Tout dépend de l’esprit dans lequel ceci s’organise. Pendant la discussion législative, j’avais avec d’autres posé la question de la vocation exacte des territoires : outil des communes pour gérer des services et équipements urbains, ou déclinaison territoriale de la stratégie métropolitaine. En l’occurrence, même si ce n’est pas encore très clair, il semble que le président de la MGP songe à s’appuyer sur les présidents d’EPT pour élaborer et faire appliquer la stratégie métropolitaine, en faire en quelque sorte ses ambassadeurs sur les territoires. Ce serait dès lors méconnaître l’esprit de la loi : schématiquement, la commune est la clé de voûte du système, à la fois source de la Métropole (pour la stratégie) et des territoires (pour la gestion), et il n’y a absolument pas empilement et hiérarchie. Dès lors, l’institutionnalisation d’une conférence des territoires, qui apparaît à première vue comme une évidence, irait dans le sens de l’effacement rapide des communes de petite couronne. Il faudrait dès lors que ce soit la Métropole qui assure l’équilibre budgétaire des EPT, et non les communes. Le président de la MGP joue avec le feu, en oubliant que les présidents des ETP n’ont de légitimité que celle que leur confèrent les maires du territoire …
2017, c’est-à-dire demain, donnera sans doute l’occasion d’apporter des correctifs aux dispositions « Grand Paris » des lois NOTRe et Maptam. Quels sont vos voeux dans ce domaine ?
La question de l’organisation métropolitaine ne sera sans doute pas la priorité d’une nouvelle majorité parlementaire et/ou présidentielle en 2017. D’autant que, assez cyniquement, il n’est pas impossible que la technocratie d’Etat (de droite comme de gauche) ait finalement intérêt à laisser les choses se déliter tranquillement, pour mieux reprendre la main dans quelques années.
En réalité, de nombreux points seraient à trancher.
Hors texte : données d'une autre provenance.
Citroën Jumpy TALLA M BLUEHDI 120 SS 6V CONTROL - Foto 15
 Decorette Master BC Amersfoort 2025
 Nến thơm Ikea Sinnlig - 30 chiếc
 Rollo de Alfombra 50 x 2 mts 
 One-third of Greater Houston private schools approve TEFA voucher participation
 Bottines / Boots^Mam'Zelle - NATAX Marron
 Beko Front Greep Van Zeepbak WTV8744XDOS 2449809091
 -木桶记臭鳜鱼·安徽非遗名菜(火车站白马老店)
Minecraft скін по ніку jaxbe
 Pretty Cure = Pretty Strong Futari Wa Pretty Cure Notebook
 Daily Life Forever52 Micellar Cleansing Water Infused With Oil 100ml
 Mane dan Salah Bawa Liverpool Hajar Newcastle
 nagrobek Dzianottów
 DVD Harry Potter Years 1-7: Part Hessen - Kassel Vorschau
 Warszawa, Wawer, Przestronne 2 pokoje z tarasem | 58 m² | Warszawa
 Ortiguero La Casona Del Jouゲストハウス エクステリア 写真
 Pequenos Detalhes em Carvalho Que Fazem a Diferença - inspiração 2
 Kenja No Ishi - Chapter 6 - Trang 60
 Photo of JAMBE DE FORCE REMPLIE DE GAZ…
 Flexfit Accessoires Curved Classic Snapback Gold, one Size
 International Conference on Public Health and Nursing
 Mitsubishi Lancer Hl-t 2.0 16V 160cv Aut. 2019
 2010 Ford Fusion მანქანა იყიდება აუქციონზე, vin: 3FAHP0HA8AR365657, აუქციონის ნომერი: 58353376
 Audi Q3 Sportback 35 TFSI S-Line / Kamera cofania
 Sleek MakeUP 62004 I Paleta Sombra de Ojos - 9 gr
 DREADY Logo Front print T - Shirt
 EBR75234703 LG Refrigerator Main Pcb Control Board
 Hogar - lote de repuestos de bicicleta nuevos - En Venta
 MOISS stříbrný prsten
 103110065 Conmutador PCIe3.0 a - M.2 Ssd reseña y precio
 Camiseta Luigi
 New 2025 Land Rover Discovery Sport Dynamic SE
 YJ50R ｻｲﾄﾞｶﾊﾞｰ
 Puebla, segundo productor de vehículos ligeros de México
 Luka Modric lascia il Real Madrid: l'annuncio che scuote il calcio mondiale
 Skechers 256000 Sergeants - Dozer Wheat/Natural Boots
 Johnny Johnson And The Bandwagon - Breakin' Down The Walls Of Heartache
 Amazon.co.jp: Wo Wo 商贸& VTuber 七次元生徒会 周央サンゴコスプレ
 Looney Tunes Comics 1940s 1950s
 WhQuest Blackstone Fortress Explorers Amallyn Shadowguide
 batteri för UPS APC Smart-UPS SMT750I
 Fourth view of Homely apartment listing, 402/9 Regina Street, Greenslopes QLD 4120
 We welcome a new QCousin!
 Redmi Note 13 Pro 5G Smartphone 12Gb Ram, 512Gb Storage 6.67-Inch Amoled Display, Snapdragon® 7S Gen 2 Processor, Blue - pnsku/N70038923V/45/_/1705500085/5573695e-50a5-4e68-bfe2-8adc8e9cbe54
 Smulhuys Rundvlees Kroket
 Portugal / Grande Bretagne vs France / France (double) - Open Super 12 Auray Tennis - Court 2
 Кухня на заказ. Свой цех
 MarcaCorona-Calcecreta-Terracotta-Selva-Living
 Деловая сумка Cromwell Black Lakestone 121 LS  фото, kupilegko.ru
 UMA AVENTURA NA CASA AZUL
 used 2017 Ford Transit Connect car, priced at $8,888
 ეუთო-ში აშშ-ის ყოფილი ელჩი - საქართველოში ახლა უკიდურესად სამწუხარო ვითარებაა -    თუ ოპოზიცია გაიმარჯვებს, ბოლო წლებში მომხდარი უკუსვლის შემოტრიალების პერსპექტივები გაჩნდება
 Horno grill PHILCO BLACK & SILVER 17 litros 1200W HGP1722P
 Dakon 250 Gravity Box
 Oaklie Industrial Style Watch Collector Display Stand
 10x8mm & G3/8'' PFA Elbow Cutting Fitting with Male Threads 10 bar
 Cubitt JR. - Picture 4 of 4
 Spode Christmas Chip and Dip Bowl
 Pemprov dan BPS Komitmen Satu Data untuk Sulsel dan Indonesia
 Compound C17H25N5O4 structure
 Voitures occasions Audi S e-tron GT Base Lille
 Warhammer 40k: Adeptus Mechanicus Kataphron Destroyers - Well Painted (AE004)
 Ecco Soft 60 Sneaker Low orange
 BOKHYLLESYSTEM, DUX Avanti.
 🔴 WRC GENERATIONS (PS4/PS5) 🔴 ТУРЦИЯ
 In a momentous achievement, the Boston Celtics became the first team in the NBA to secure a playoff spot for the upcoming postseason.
On ne l’a pas fait en deux lois, il n’est pas certain qu’on y parvienne avec une loi supplémentaire ! Parmi ces points, l’avenir des départements de petite couronne. En ce sens, la volonté de Paris de fusionner le département avec la ville va totalement à l’encontre de l’idée, pourtant intéressante, de fusionner les départements et la métropole, ce qui renforcerait cette dernière.
Egalement, la relation avec la Région. Dire que « la métropole, c’est la région », c’est méconnaître les légitimités électorales respectives et différentes des élus régionaux élus par scrutin de liste d’une part, des maires d’autre part. Il faut comprendre que la Métropole institutionnelle ne peut tenir que par les maires. Sans eux et sans leur engagement, elle s’effondrera naturellement. Paradoxalement, alors que les communes perdent de leur pouvoir d’action et de décision, les maires gardent en apparence et dans les discours leur influence, et on fait mine de se disputer leurs faveurs. Mais pour combien de temps encore ? Cette question est, selon moi, structurante dans les débats à venir autour de l’adaptation de l’organisation métropolitaine. Elle vaut pour le pays tout entier d’ailleurs.
Reste la question du suffrage universel direct pour la désignation du pouvoir métropolitain. Le principe en est inscrit dans la loi, les modalités restent à trouver. Mais l’issue est inéluctable. Elle sera d’ailleurs précipitée par la notabilisation en cours de la métropole institutionnelle, qui risque de ne pas aboutir pas aux résultats espérés. Là encore, restera à définir la place des maires et à trancher les conflits de légitimité.